**Problem statement:** Only the lines below from the one that holds "Moen Genta LX" through the one that holds "Sportsheets High Waisted" should appear in the answer, copied exactly, end lines included and pictures omitted.

**The data:**
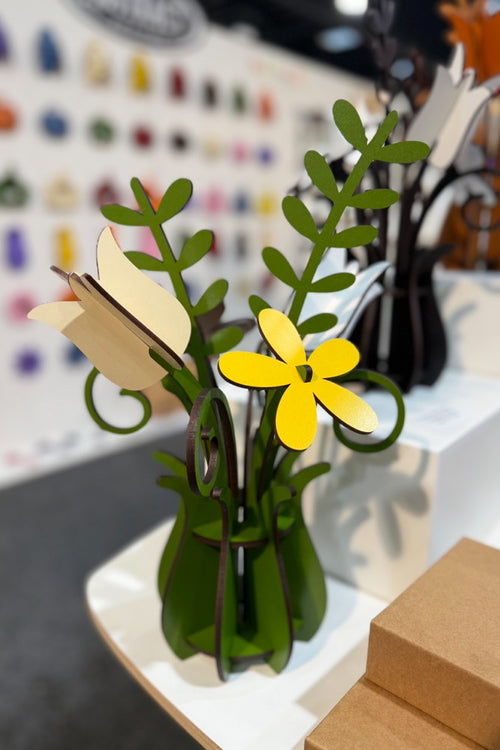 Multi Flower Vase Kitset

==

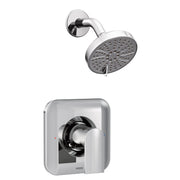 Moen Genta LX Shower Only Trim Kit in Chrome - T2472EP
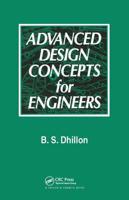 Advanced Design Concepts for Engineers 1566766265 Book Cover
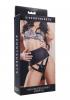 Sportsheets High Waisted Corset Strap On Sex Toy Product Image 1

--

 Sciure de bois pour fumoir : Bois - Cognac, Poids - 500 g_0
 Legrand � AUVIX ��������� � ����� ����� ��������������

**Written solution:**
 Moen Genta LX Shower Only Trim Kit in Chrome - T2472EP
 Advanced Design Concepts for Engineers 1566766265 Book Cover
 Sportsheets High Waisted Corset Strap On Sex Toy Product Image 1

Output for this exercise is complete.